It was so much to discover, and I couldn't do it alone.

It was the first life I told someone else about my problem.

Even if it sounded unbelievable, they helped, for me. I needed to find Meliodas. Tell him about us; discover what was happening to us.

That was the first life I couldn't find him.

A fatal disease got me before I ever could.

I was starting to hate this tunnel.


In my fifth life I was a ballerina.

Dancing really made me relax.


What was that? I didn't find Meliodas and even still I died? So Meliodas wasn't the reason of this 'curse'? The fifth me questioned. Why do I keep with my former memories? Was it a supernatural experience?

In this life, I had an artistic family. My mother and father drew such wonderful paintings; my brother loved playing his flute while my sister played piano. Me? I was a ballerina, and loved dancing when my siblings were playing music.

It was the 'Kindness' life. Kindness maybe meant my family. It was weird, you know, due to my past experiences I had an enormous amount of knowledge, and everyone considered me a genius. "I just had learnt this or that in my other life", I'd like to say, but nobody would've believed me.

How to bake cakes, hand-in-hand combat, princess' manners and true friendship; this experiences would always follow me.

I decided to become a ballerina in my fifth life because I never had experienced this before. It was a rough training, but I was used to it.

My first presentation was in a small stage, with only my family and a few villagers watching. Their awe expressions made me so prideful. When I was finished, I heard their applauses.

"Nice one!"

My eyes widened in that moment. That voice, I could never forget. There he was, with Elizabeth by his side, clapping at me. When I came down from the stage, he approached me.

"It's a pleasure to meet you." He said taking my hand. "I'm Meliodas; this is my wife Elizabeth, and man, what a future you got ahead!"

The words died in my throat, the fifth me arrived late. Too late.

Time passed, powerful people discovered my talent, and I had gone places. Dancing, and dancing, and dancing. I never meet him again, and I thought it was a good thing. The fifth me thought. We had different paths in that life.

And it was a relief to me.

That life made me meet so many important people, I felt special, in a way.

It was so special, so delightful...that I don't remember how I died.
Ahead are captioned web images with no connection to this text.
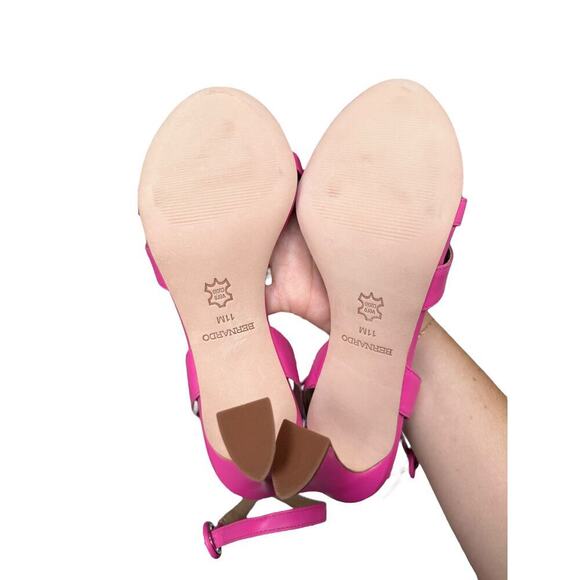 Bernardo Women's Fuchsia Antique Calf Leslie Sandals Size 11M - Picture 7 of 8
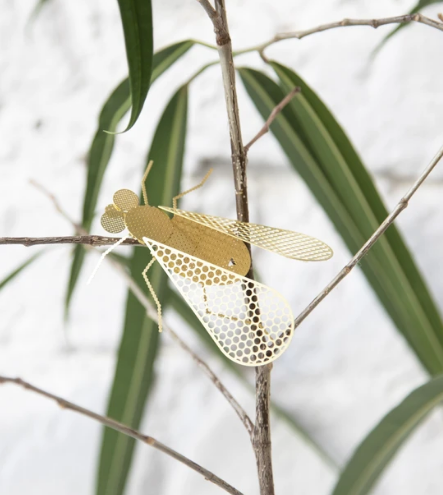 Flatmate Housefly on a branch, small gold-coloured metal animal decoration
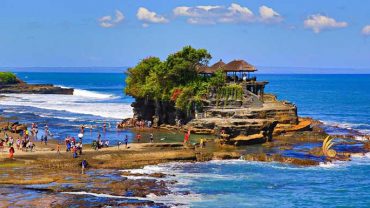 tanah lot, tanah lot sunset tour, bali tour visit temple on rock, bali half day tours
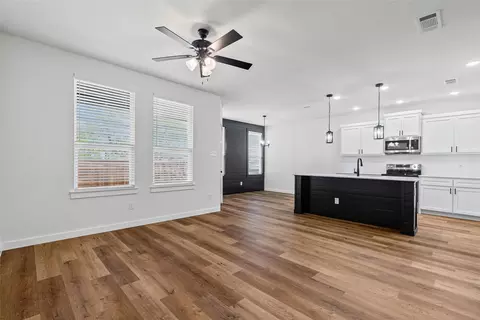 Living - 113 N Third St, Celeste, TX 75423 photo 3 of 3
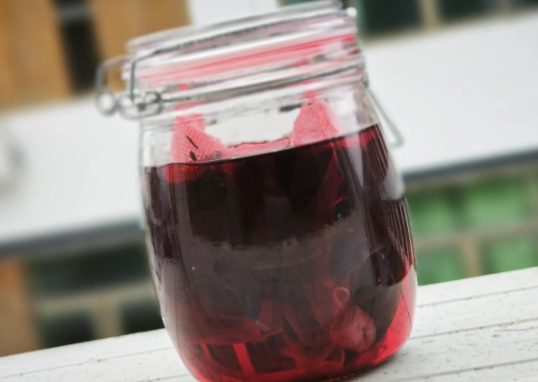 误食紫草油有什么危害？误食紫草油该怎么急救？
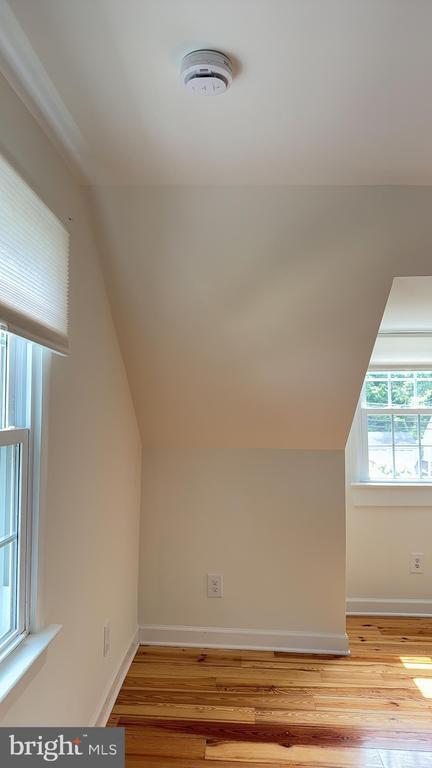 Building Photo - 4012 Woodland Dr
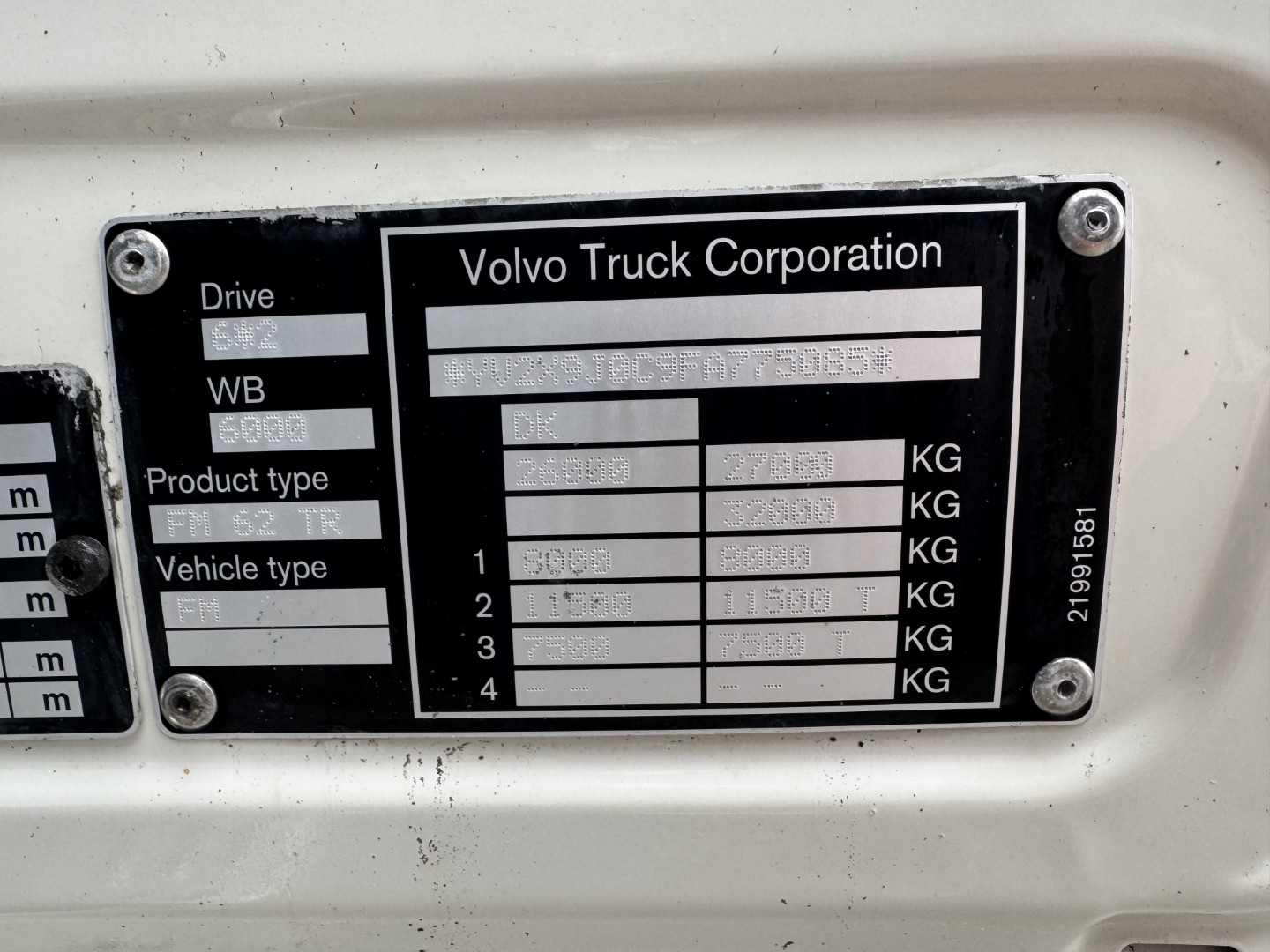 Volvo FM330 6x2*4 Carrier Supra 1250 Mt 9,9m (defekt kølemaskine)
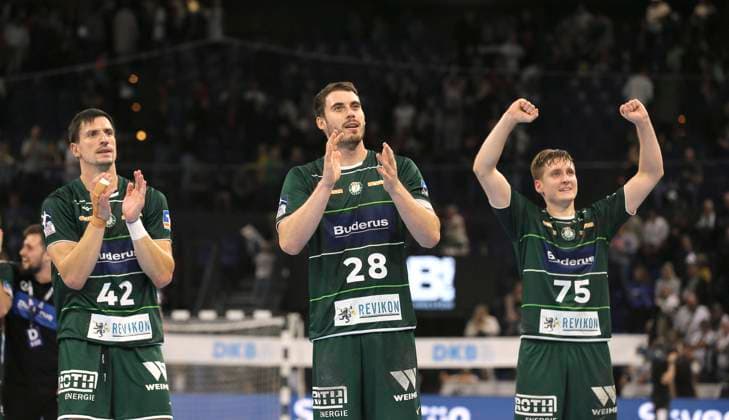 Photo Victory jubilation with the players from Wetzlar , here Nemanja Zelenovic left , Hendrik Wagner middle and Domen NOVAK right Handball Men Tue 03 10 2023 1 Bundesliga DHB Cup match THW Kiel HSG Wetzlar 31 32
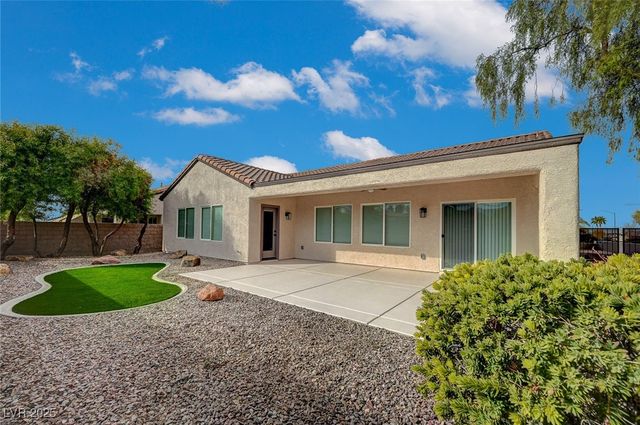 2603 Savannah Springs Avenue, Henderson, NV 89052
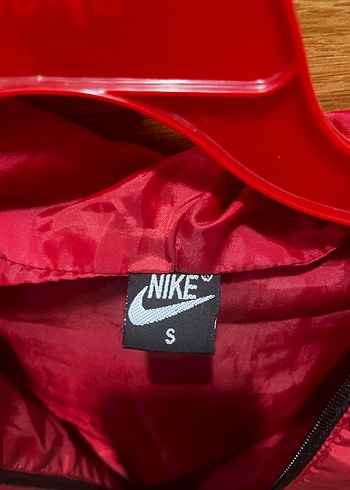 Parlak Kırmızı Fermuarlı Kadın üst - Görsel 2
Again, it was there again; that tunnel. Well, here we go.


Magic filled my sixth life.

Finally I could cast spells and some amazing tricks!


I didn't see it coming. A sorceress, in that life I was a sorceress. A powerful one if you may ask. None of my past lives let me taste magic, and the first time I casted a spell I almost fainted. That was so awesome, I miss it.

The sixth me was a really cool person. Owing to my former memories and magic, I could search more for the reason why my memories never left me.

It was the first one fault.

My first life was so boring, so monotone that I wished; I craved for adventure. That awoke some unknown power on me and made my life come this way.

Seven virtues = Seven lives.

Well, the voice in my head was just my conscience, and it said that was the 'Humility' life. I didn't understand what was so 'humble' about it. Maybe because I didn't attack people with my powers?

So powerful, that I was asked to be a Holy Knight, along with Merlin. I refused, because who asked me was Hendrickson, and I was sure he's up to something, something not good.

And I was right; he just screwed up Liones entirely.

In the end, I decided to join the Seven Deadly Sins, not for the adventure, but to keep an eye on Meliodas.

The sixth me was wise; too wise to stay away for feelings. In this life, I was watching, like a spectator. This might sounded a little creepy; however I was just hanging around with my friend. I didn't have to worry with my feelings in that life, because I had control over them.

We talked to each other; I had nice chats with him; about my and his future. Of course, I couldn't tell him about my lives.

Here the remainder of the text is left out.